Some of these patterns may feel especially familiar depending on personality traits often associated with certain birth months. Curious what mistakes you might be repeating this year? Keep reading to find out what your birth month could be revealing about your habits.
April
1. Making rash decisions just to make them, instead of really contemplating and analyzing what was the best and healthiest choice for you.
2. Running away from many of your problems by convincing yourself you were ‘chasing adventure,’ even though at the end of the day it was just full on procrastination and avoidance of your responsibilities.
3. Not making any room in your life for occasional but necessary rest, relaxation, and stillness.
May
1. Forgetting that love involves an ever-changing give and take relationship – and getting upset if you were the one doing more of the giving, instead of trusting that at some point, your loved one would do more of the giving and that it’s not your job to constantly measure it.
2. Holding onto grudges.
3. Wanting 100% of each of your loved ones’ time, rather that remembering that they have to give their heart to more than one or two people, just like you do.
June
1. Trying to be ‘on’ all the time.
2. Letting yourself get upset and worked up over things that weren’t actually that big of a deal.
3. Not putting as much effort as you should have into being someone your friends can always consistently rely on.
July
1. Clinging to the past.
2. Struggling to cut ties with people who were clearly only in your life to use you for something.
3. Holding onto negative emotions (anger, resentment, sadness) instead of acknowledging them and then letting them pass through you.
August
1. Feeling threatened by people with a similar talent level as you, instead of looking at them as people you could learn from and people who could make you better.
2. Not reminding yourself that humbleness, not pride, is one of the greatest contributors to growth.
3. Trying to do too many things at once, instead of giving yourself the mental rest and recharging that’s needed to do a couple of things really, really well.
September
1. Letting your negative self-talk have too much power, or even letting it have any power at all.
2. Thinking that your tendency to be overly critical of yourself was normal.
3. Searching for problems where there weren’t any, instead of trying to alter your way of thinking.
October
1. Spending too much time wanting to be generally liked by every person you encountered, even though that’s impossible.
2. Allowing yourself to be too easily influenced.
3. Not taking enough time for yourself to decompress and recharge without anyone else around.
November
1. Letting your jealousy have too much power over you.

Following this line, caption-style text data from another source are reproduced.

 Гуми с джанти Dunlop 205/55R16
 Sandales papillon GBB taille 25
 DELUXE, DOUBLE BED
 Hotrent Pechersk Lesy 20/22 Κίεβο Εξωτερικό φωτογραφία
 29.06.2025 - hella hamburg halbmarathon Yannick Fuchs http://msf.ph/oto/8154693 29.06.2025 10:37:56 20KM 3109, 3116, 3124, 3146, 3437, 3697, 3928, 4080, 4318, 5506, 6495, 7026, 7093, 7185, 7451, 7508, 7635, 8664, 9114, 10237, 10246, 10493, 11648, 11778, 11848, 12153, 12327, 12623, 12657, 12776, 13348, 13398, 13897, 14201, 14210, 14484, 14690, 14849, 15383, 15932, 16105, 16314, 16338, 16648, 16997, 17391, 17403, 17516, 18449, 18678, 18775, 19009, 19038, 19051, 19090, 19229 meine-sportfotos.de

2. Obsessing over trying to make everything perfect, instead of just trying to do your best work every single day.
3. Keeping your passions and goals secretive, instead of opening yourself up to support, encouragement, growth, and inspiration.
December
1. ‘Hoping for the best,’ but in a way where you were letting life happen to you instead of being active about it.
2. Convincing yourself that you always had to be the happy and upbeat one, even if you were sad or struggling.
3. Lying to friends and family and coworkers that you were ‘fine’ or ‘okay’ even if you weren’t.
January
1. Convincing yourself that expecting the worst was a ‘responsible’ way to think – even though that only bred more negative energy.
2. Not creating a healthy separation between your career and your personal life.
3. Not bothering to try something if there wasn’t a 100% chance (or close to it) that you’d succeed.
February
1. Letting your stubbornness negatively impact your relationships.
2. Convincing yourself that being emotionally detached was the safest and healthiest route.
3. Confusing being ‘independent’ with being completely cut off from getting help or needing anyone for anything.
March
1. Distracting yourself with five other tasks or problems in order to avoid the one that actually needed addressing.
2. Only letting your imagination live inside of you, and not believing you could put things out into the real world (ideas, goals, art, thoughts) that were initially created in your brain.
3. Letting other people tell you how you should feel about your own life.